Trying to change the situation requires engagement.  Making peace with hunger, poverty, sickness, and distress this way requires an understanding of  causes and effects on all different levels.  It requires negotiation, and it requires cooperation.  You don’t always get all that is required to change a situation.  Not all situations can be changed.  Death is the big one that comes to mind here.  You can’t hide or run away from it, and you can’t change the situation so that you don’t have to experience it.  Now what?
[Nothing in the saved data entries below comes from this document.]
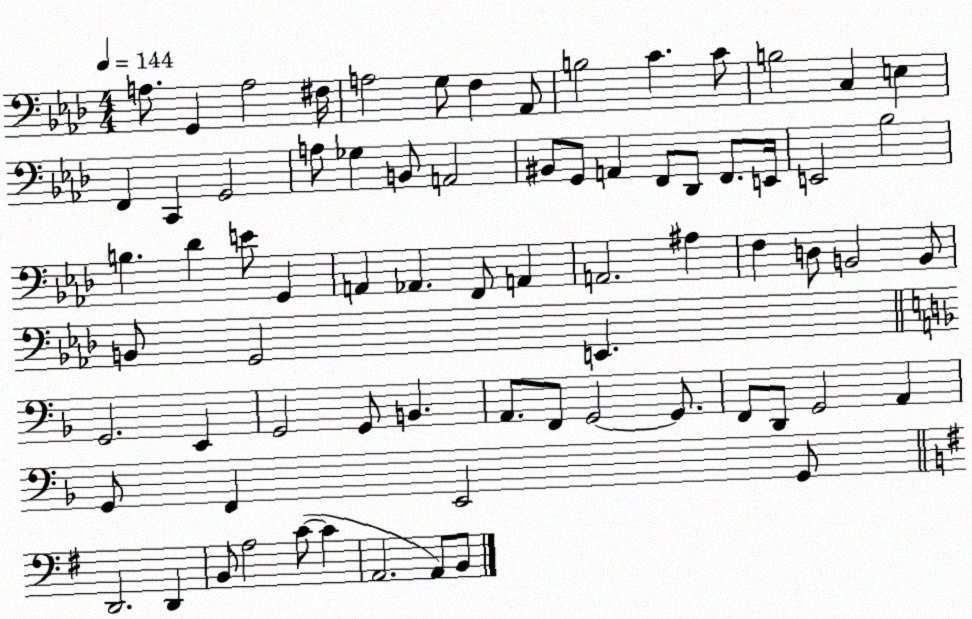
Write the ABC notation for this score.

X:1
T:Untitled
M:4/4
L:1/4
K:Ab
A,/2 G,, A,2 ^F,/4 A,2 G,/2 F, _A,,/2 B,2 C C/2 B,2 C, E, F,, C,, G,,2 A,/2 _G, B,,/2 A,,2 ^B,,/2 G,,/2 A,, F,,/2 _D,,/2 F,,/2 E,,/4 E,,2 _B,2 B, _D E/2 G,, A,, _A,, F,,/2 A,, A,,2 ^A, F, D,/2 B,,2 B,,/2 B,,/2 G,,2 E,, G,,2 E,, G,,2 G,,/2 B,, A,,/2 F,,/2 G,,2 G,,/2 F,,/2 D,,/2 G,,2 A,, G,,/2 F,, E,,2 G,,/2 D,,2 D,, B,,/2 A,2 C/2 C A,,2 A,,/2 B,,/2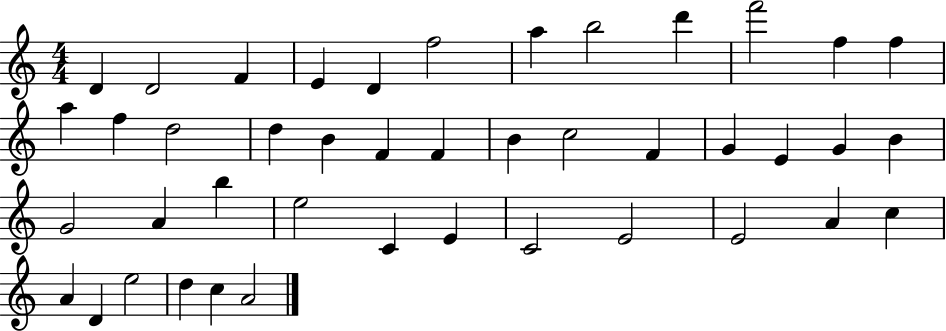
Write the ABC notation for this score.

X:1
T:Untitled
M:4/4
L:1/4
K:C
D D2 F E D f2 a b2 d' f'2 f f a f d2 d B F F B c2 F G E G B G2 A b e2 C E C2 E2 E2 A c A D e2 d c A2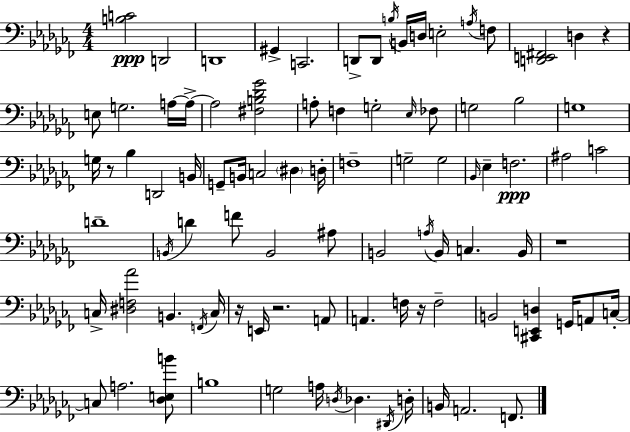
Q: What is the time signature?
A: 4/4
Change yourself.  Sometimes the only way to make peace with something is to change your thinking, your belief, your approach, your attachment, your aversion, your ignorance or some other aspect of yourself.  “If you can’t beat ‘em, join ‘em!” is the simplistic way to say it.  If you’d “rather fight than switch” (old cigarette commercial – pop philosophy at its finest), then you have chosen to fight, not to make peace.  Our egos make it really tough to change ourselves.  Sometimes we’d rather fight, sometimes we’d rather die, sometimes we’d rather do anything than change ourselves.  You have to ask yourself very seriously what your ultimate goal is to get past this one.  Is your goal to keep your ego intact or is your goal to make peace?   I’ve come across a lot of phrases that address this ego dilemma: “take up your cross”, “turn the other cheek”, “deny yourself”, “die to self”.  I think that dogma is probably more an ego thing than a peace thing.   If you can’t let go of your religious beliefs in the interest of peace, then your religion is more about yourself than it is about God, in my humble opinion.   I love the part of the movie “Gandhi” where he counsels a Hindu man who is distraught at having murdered a Muslim child.  “Raise a Muslim child and make sure you raise him as a Muslim, not as a Hindu. This is the only way you can purge your sins.”  This is true wisdom about peace.

Give peace a chance. It requires your will, it requires your strength, and it requires you to lay aside will & strength.  I am looking forward to enjoying the peace that my family and I have created.  We are still creating it, and will be our whole lives long.